» What the task requires
Please repeat, exactly as written, the line containing "ALYSSUM * OSTERNHAUBENSERIE * - Bild 1 von 1" and every line after it through the end of the records below, leaving out any pictures.

» Listed records

Segment Open

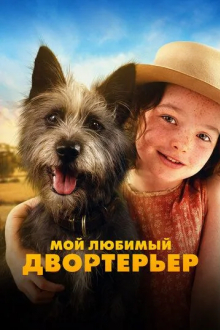 Мой любимый двортерьер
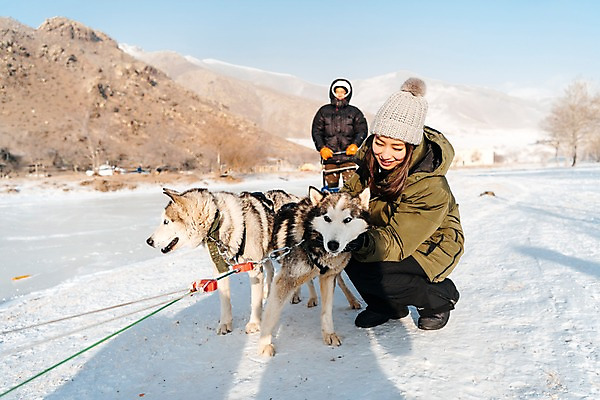포토 JPG 주간 전신 커플 응시 여자 남자 줄 겨울 산 미소 사람 상반신 20대 성인 야외 두명 앞모습 옆모습 30대 설원 한국인 눈 시베리안허스키 몽골 썰매개 썰매 개썰매 성인만 겨울풍경 국내포토 자연요소 시선 계절 아시아 뷰포인트 관계 날씨 눈_날씨 표정 동양인 풍경 청년 장년 개 파일형식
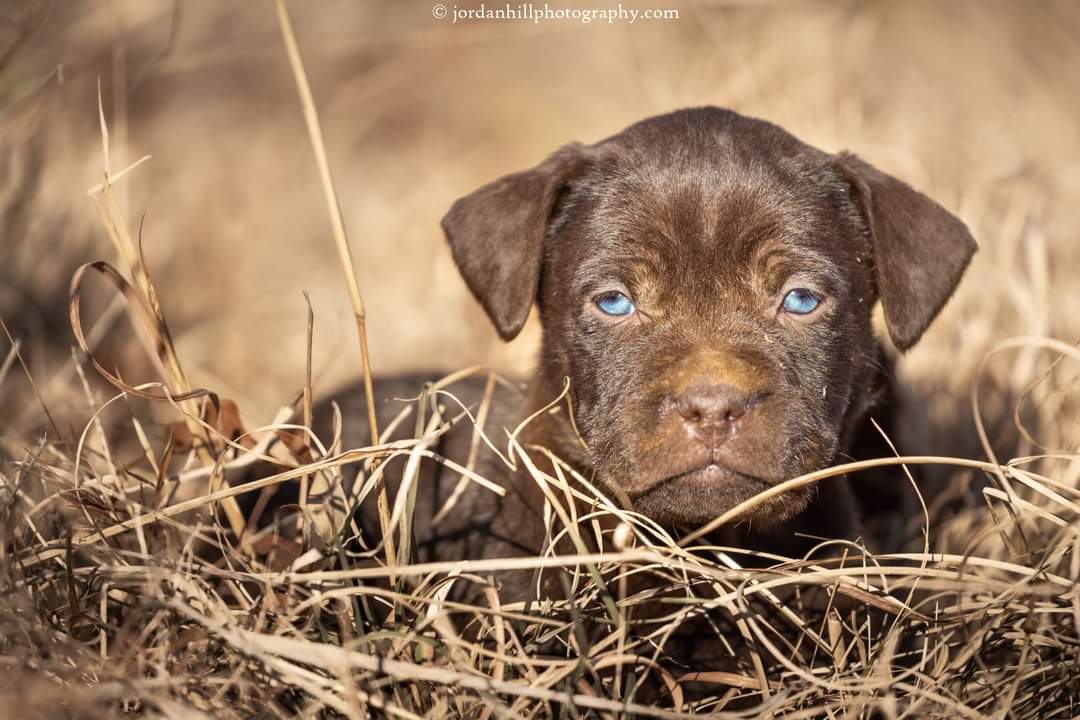 Chocolate Lab Pup
jordanhillphotography.com/featured/choco…

#puppy #pup #puppylove #puppylife #dog #dogs #dogoftheday #pet #animals  #photography  #huntingdog #chocolatelab #labradorretriever #doglover #outdoors #animalphotography #cutedogs #cutenessoverload #adorable #BuyIntoArt #AYearForArt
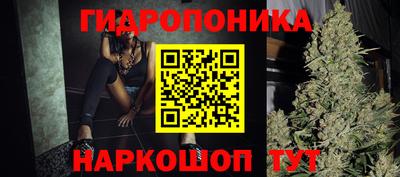 ПСИЛОЦИБИНОВЫЕ ГРИБЫ Тара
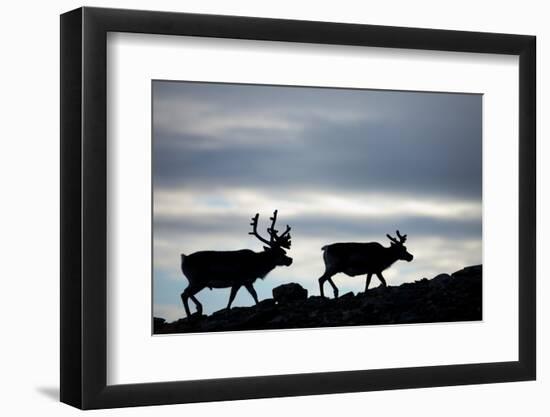 Reindeer, Svalbard, Norway-Paul Souders-Framed Photographic Print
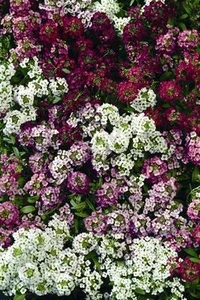ALYSSUM * OSTERNHAUBENSERIE * - Bild 1 von 1
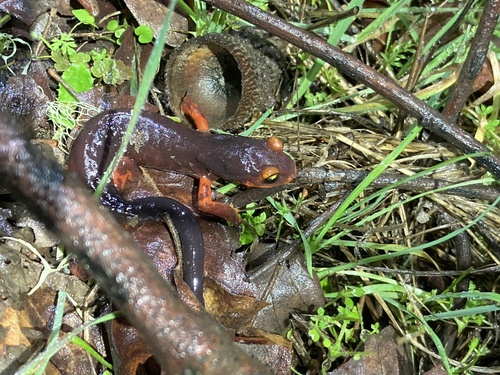 iNaturalist observation photo of Ensatina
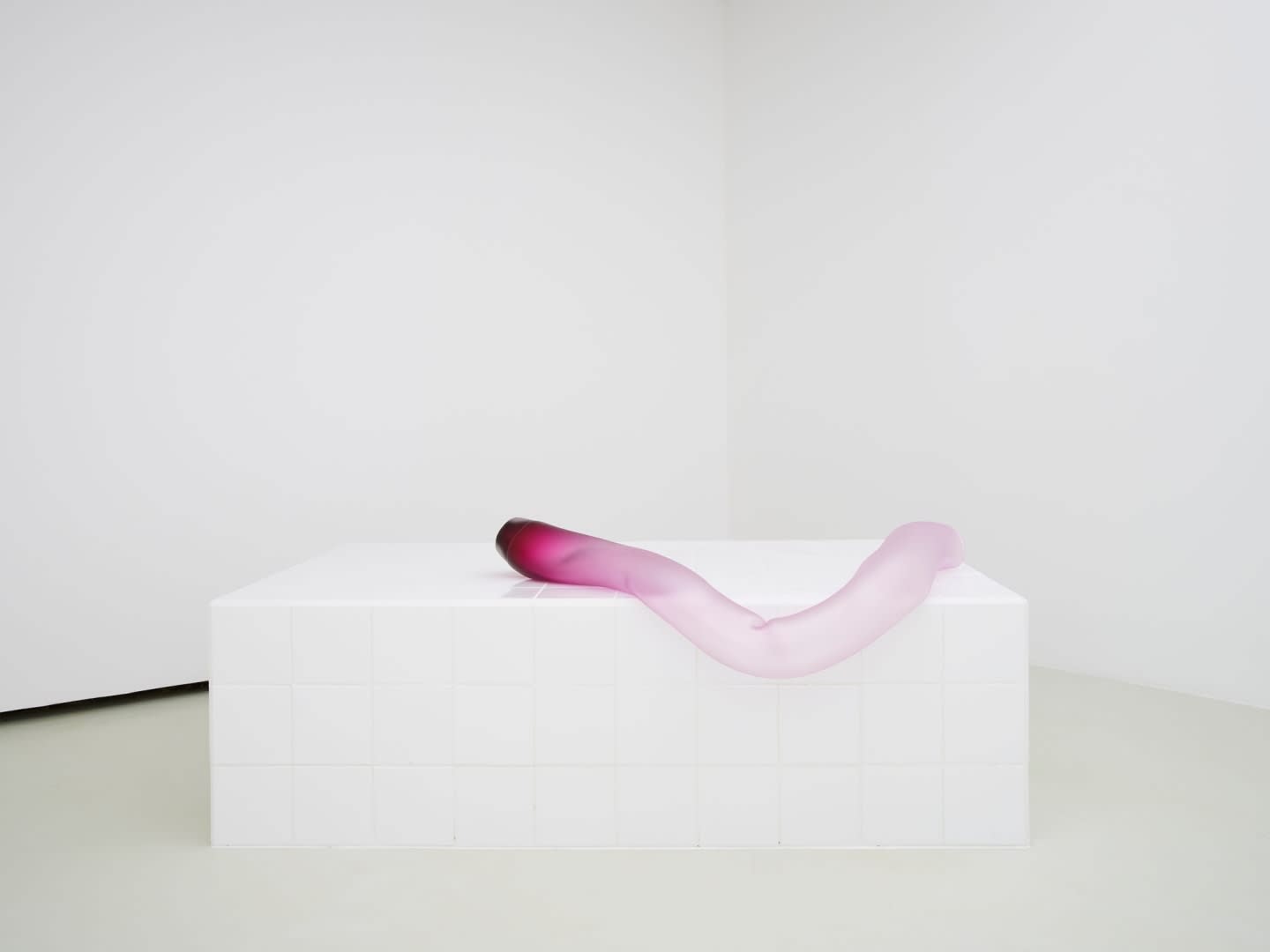 Dana-Fiona Armour, Pneumatophore #1, 2022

Segment Closed

» Answer to the problem
ALYSSUM * OSTERNHAUBENSERIE * - Bild 1 von 1
 iNaturalist observation photo of Ensatina
 Dana-Fiona Armour, Pneumatophore #1, 2022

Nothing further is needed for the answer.